In erster Instanz haben diese Kläger in Straßburg bereits gewonnen. Ein weiteres Urteil wird bis zum Sommer erwartet. Innerdeutsche historische Rechtsstreitigkeiten von politischer Brisanz werden also zuletzt von einem internationalen Gerichtshof entschieden - was durchaus eine pikante Note hat. Juristisch werden die "rote Enteignung" in der Nachkriegszeit und die "schwarze Enteignung" in den Neunzigern, die auf einem unter CDU-Kanzler Helmut Kohl verabschiedeten Gesetz beruht, in Straßburg getrennt behandelt. Gleichwohl hängen die Dinge natürlich zusammen, schließlich wurden die unter der Parole "Junkerland in Bauernhand" konfiszierten Äcker und Wälder der Großgrundbesitzer Vertriebenen und kleinen Landwirten als Neubauern zugeteilt - deren Land dann in der DDR meist in Genossenschaften bewirtschaftet wurde. Die bereits etwas betagten Erben der Neubauern haben die Mechanismen der Mediengesellschaft gelernt: Bei den Verhandlungen in Straßburg reckten sie vor dem Gerichtshof Plakate mit dem Slogan "Keine entschädigungslose Enteignung von Bodenreform-Erben" vor allem wegen der vielen TV-Kameras in die Höhe.

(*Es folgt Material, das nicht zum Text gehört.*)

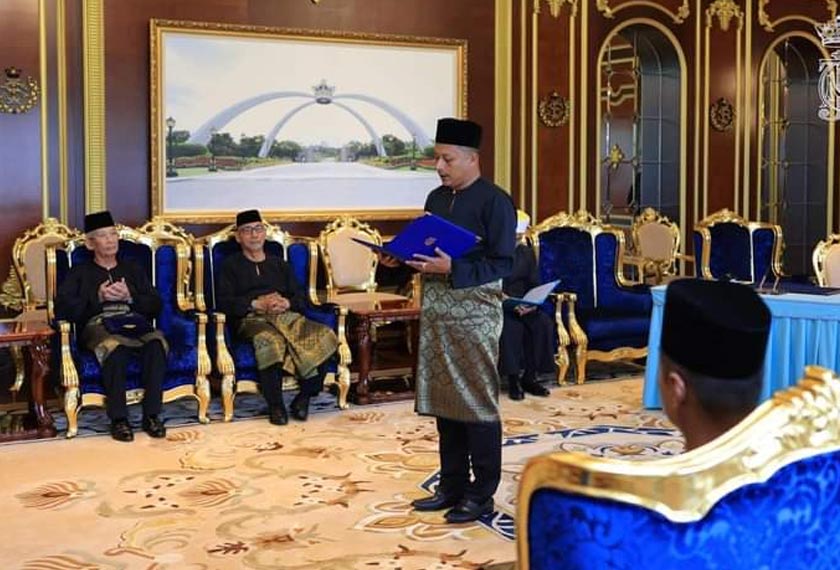 Aznan mengangkat sumpah pada Istiadat Pelantikan Yang Berhormat Ahli Majlis Mesyuarat Kerajaan Johor hari ini. - Foto RPO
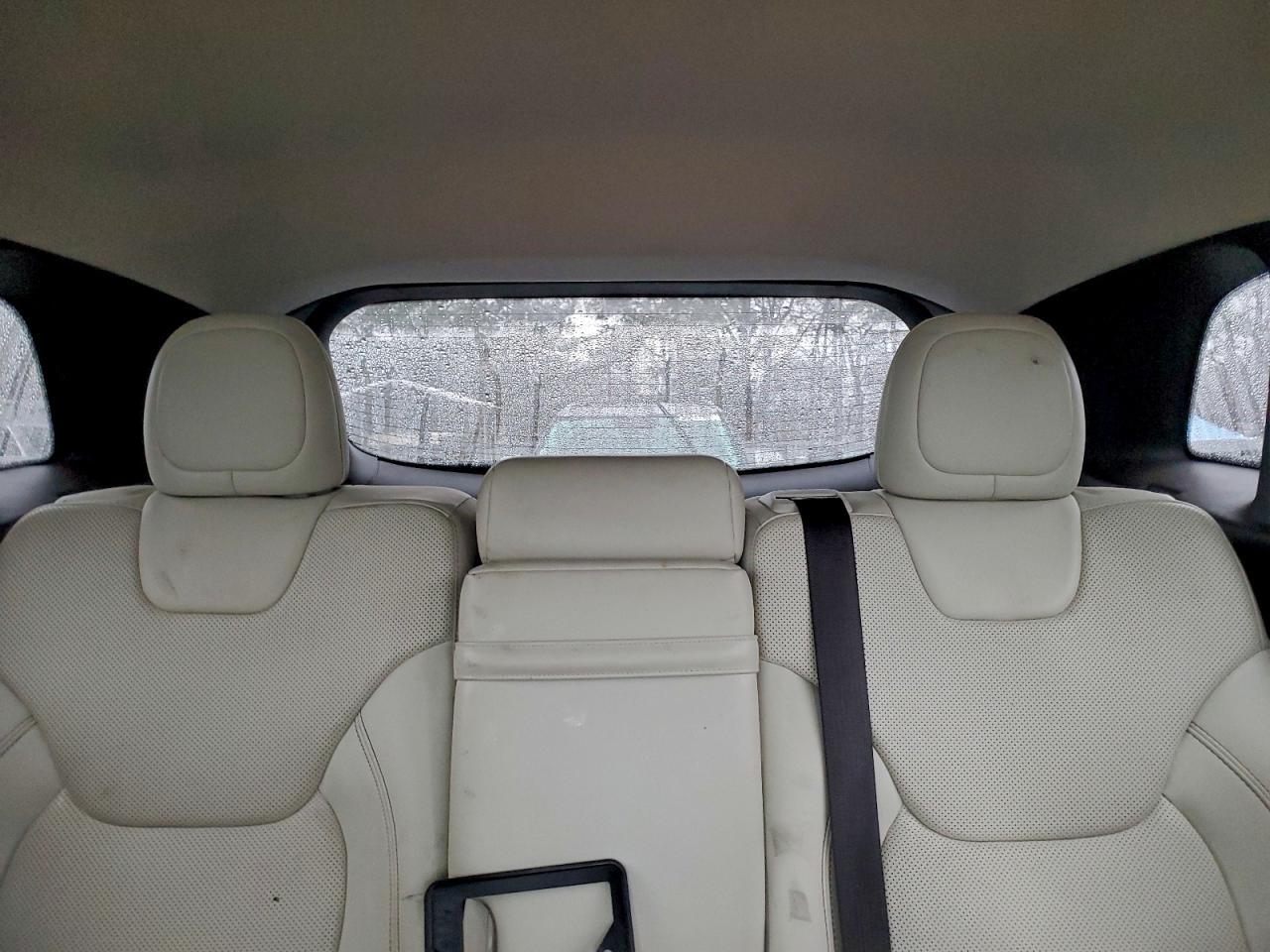 2017 Jeep Cherokee Overland - zdjęcie 10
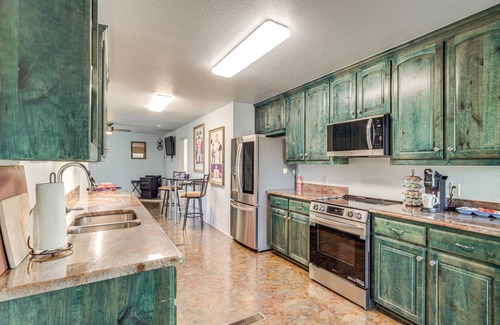 Granbury Apartamento | 6 Mi to Granbury City Beach Park: Apt w/ Veranda!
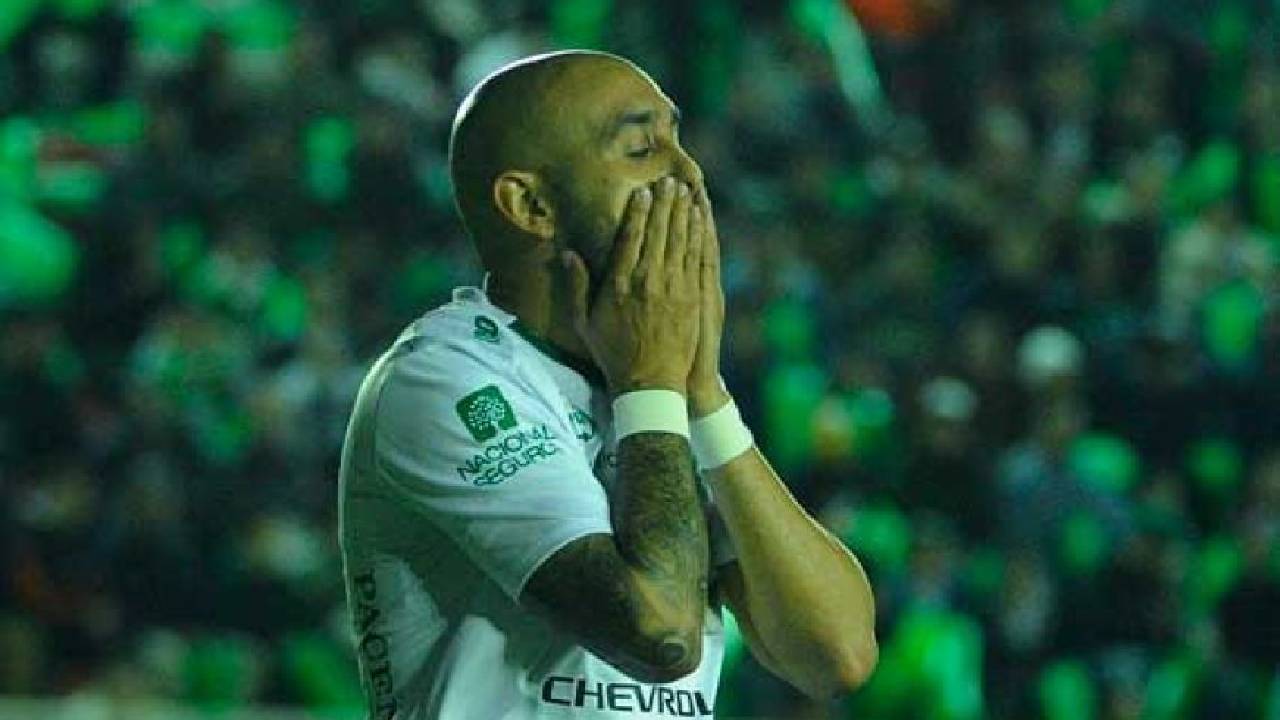 Empate (1-1) entre Oriente y la 'U' de Vinto mantiene a Oriente en la zona de descenso directo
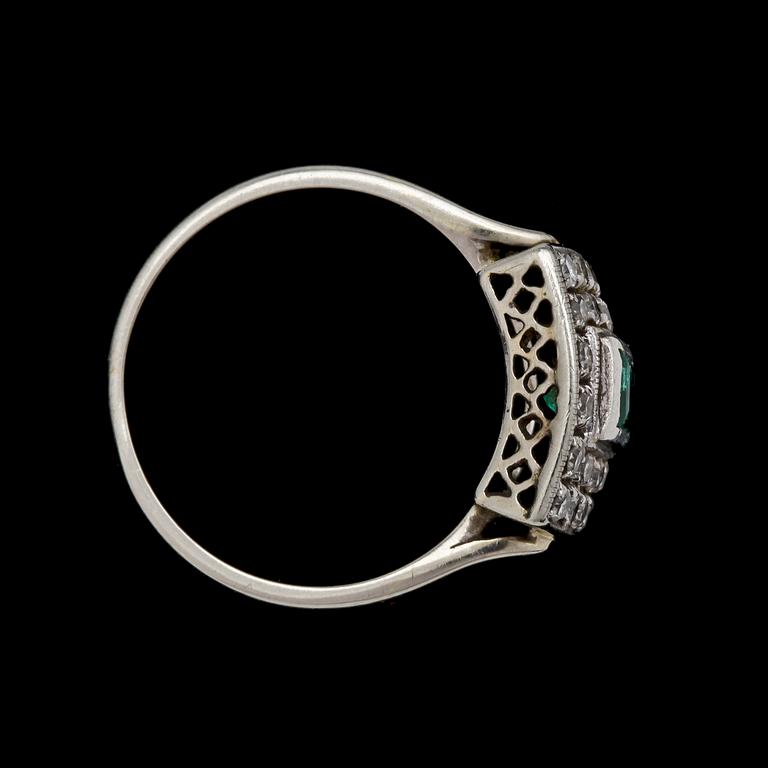 RING, 18k vitguld med smaragder och små diamanter.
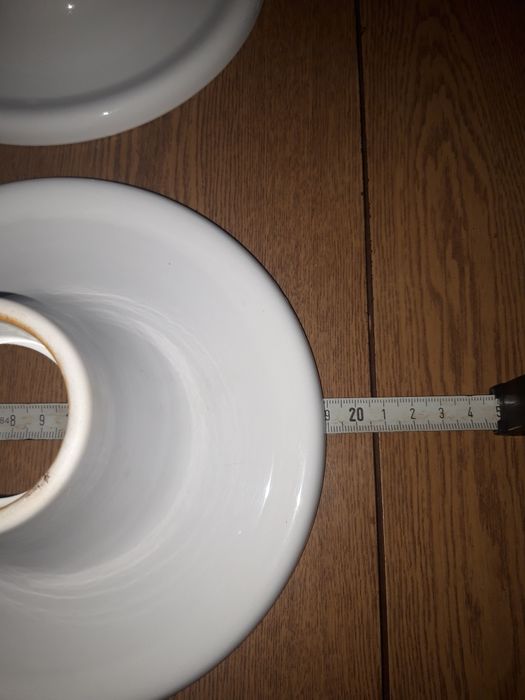 Нощни и настолни лампи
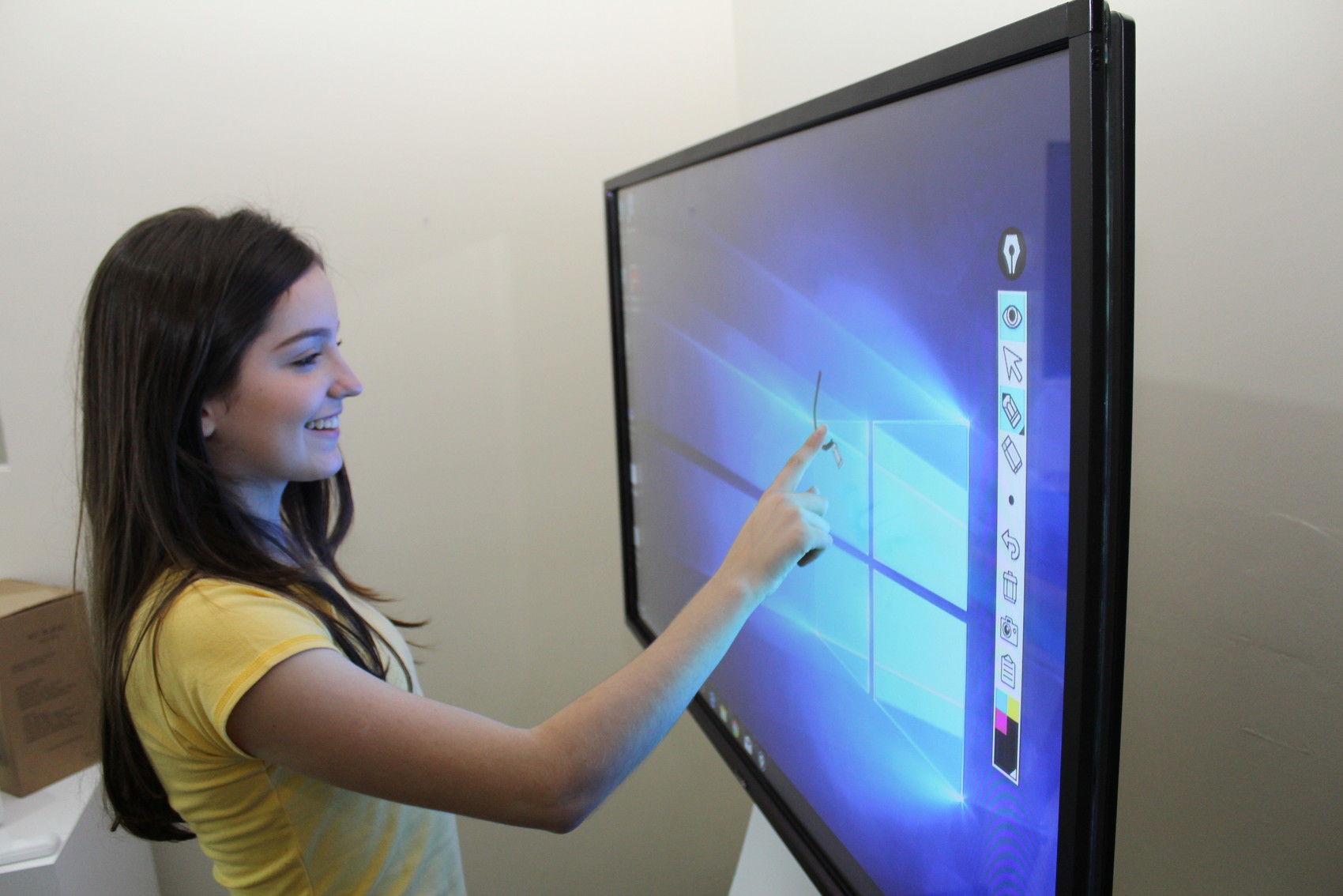 EBOARD TV TOUCH SCREEN 55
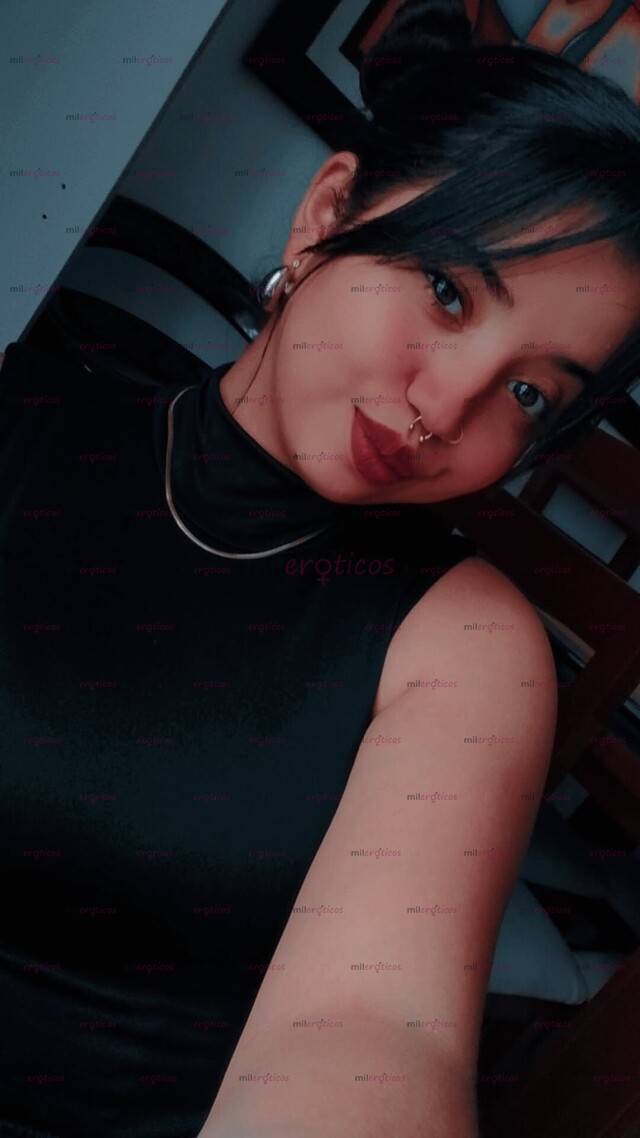 FOTOS DE HOLA SOY CRISTAL HERMOSA Y DULCE DISPONIBLE PARA COMPLACERTE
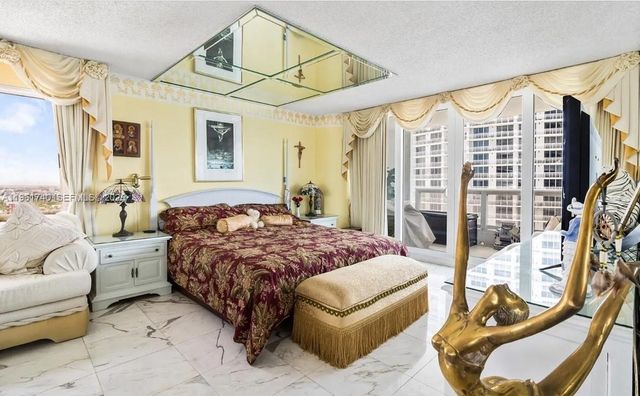 1717 N Bayshore Dr. A-3451, Miami, FL 33132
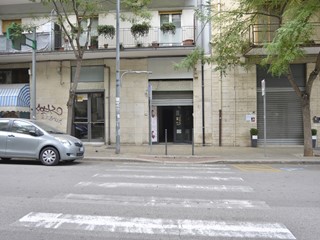 Negozio in Vendita a Bari, 160'000€, 181 m²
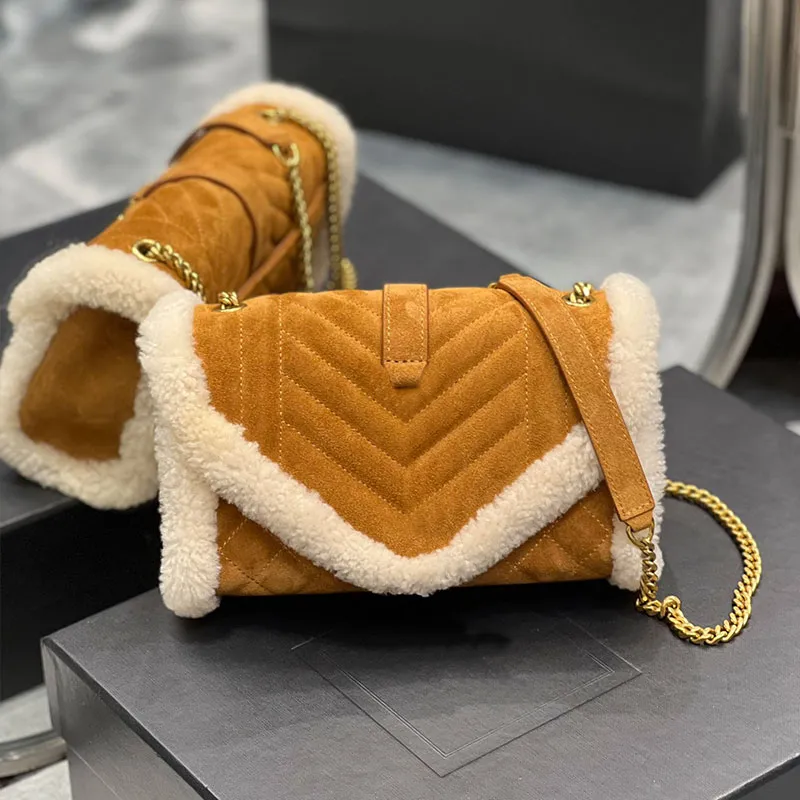 Sac à chaîne en peau de mouton en daim pour femmes, sac à bandoulière, enveloppe, sac à main à rabat, sac à bandoulière en agneau, sac de luxe de styliste, sac à main de qualité miroir supérieur, sac de mode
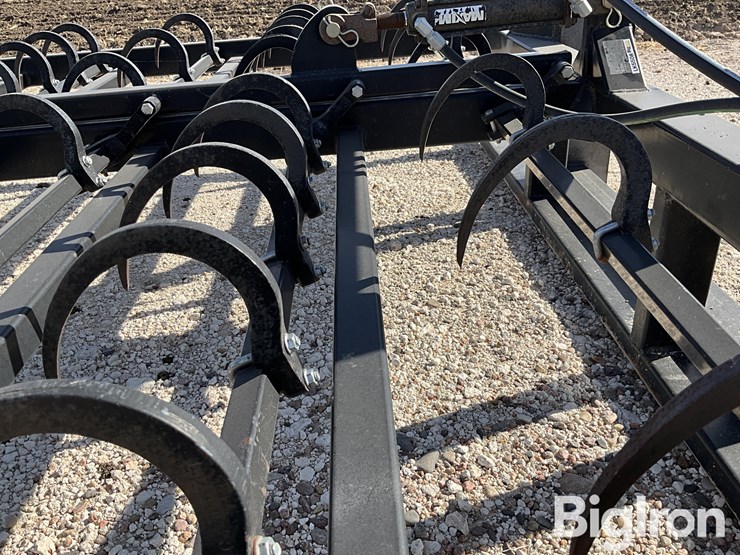 new-holland-99-image-13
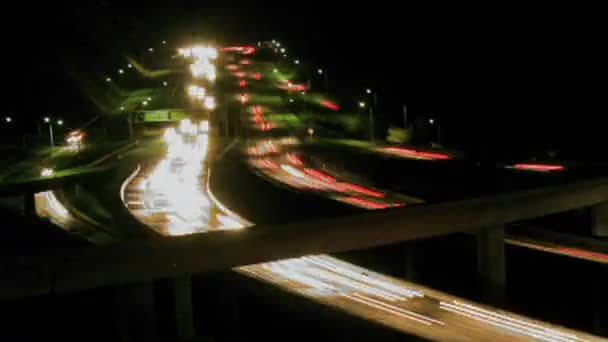 Carros dirigem em uma rodovia — Vídeo de Stock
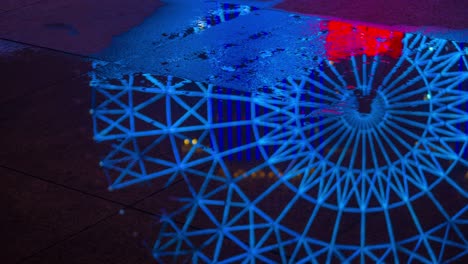 noche iluminada ciudad de changsha famosa rueda de ferris reflejo de agua panorama timelapse 4k china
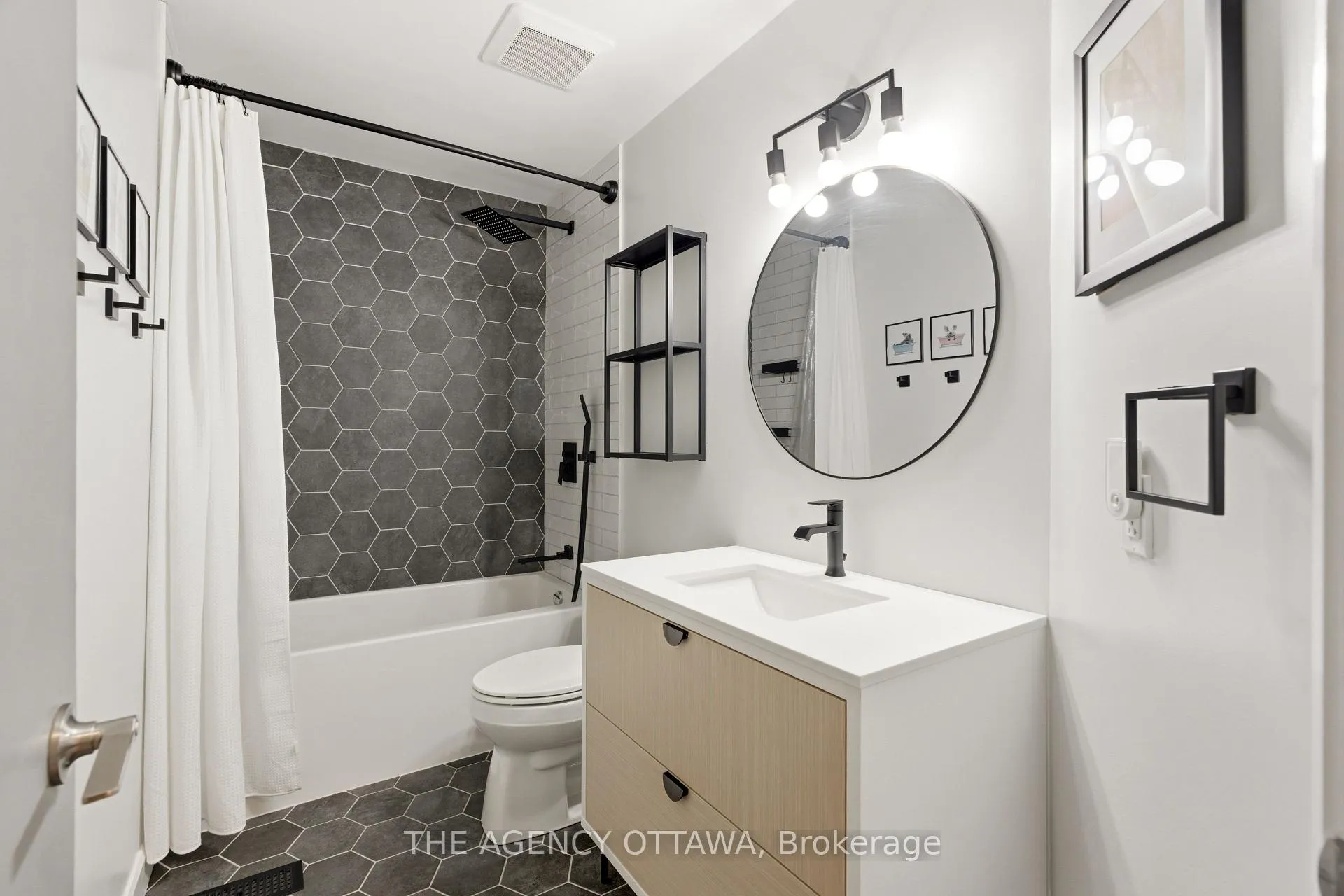 Photo 23 of 1625 Bottriell Way, Ottawa, Fallingbrook/Pineridge — HOMEH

Hans Eichel und den ostdeutschen Finanzministern war im Januar 2004 der Schreck in die Glieder gefahren: Entgegen den Erwartungen befand eine Kammer der Europarats-Richter, dass die entschädigungslos enteigneten Erben von Neubauern Anspruch auf staatliche Ausgleichszahlungen haben. Erfolgreich geklagt gegen diese 1992 vom Bundestag beschlossenen und später vom Karlsruher Verfassungsgericht gebilligten Konfiszierungen hatten fünf Betroffene. Insgesamt sollen jedoch um 700.00 Einzelfälle davon betroffen sein - anders ausgedrückt sind rund 100.000 Hektar Land strittig. Nach dem Vermögensrechtsänderungsgesetz von 1992 hatten jene Neubauern-Erben, die ihrerseits nicht in der Land- und Fortwirtschaft tätig waren, die Grundstücke entschädigungslos an den Staat abzutreten. Freilich war im März 1990 zu Wendezeiten unter DDR-Ministerpräsident Hans Modrow ein Gesetz verabschiedet worden, nach dem das sogenannte Bodenreformland der Nachkriegszeit juristisch endgültig als vollwertiges Eigentum der neuen Besitzer eingestuft wurde - und damit ohne Einschränkung vererbt werden konnte.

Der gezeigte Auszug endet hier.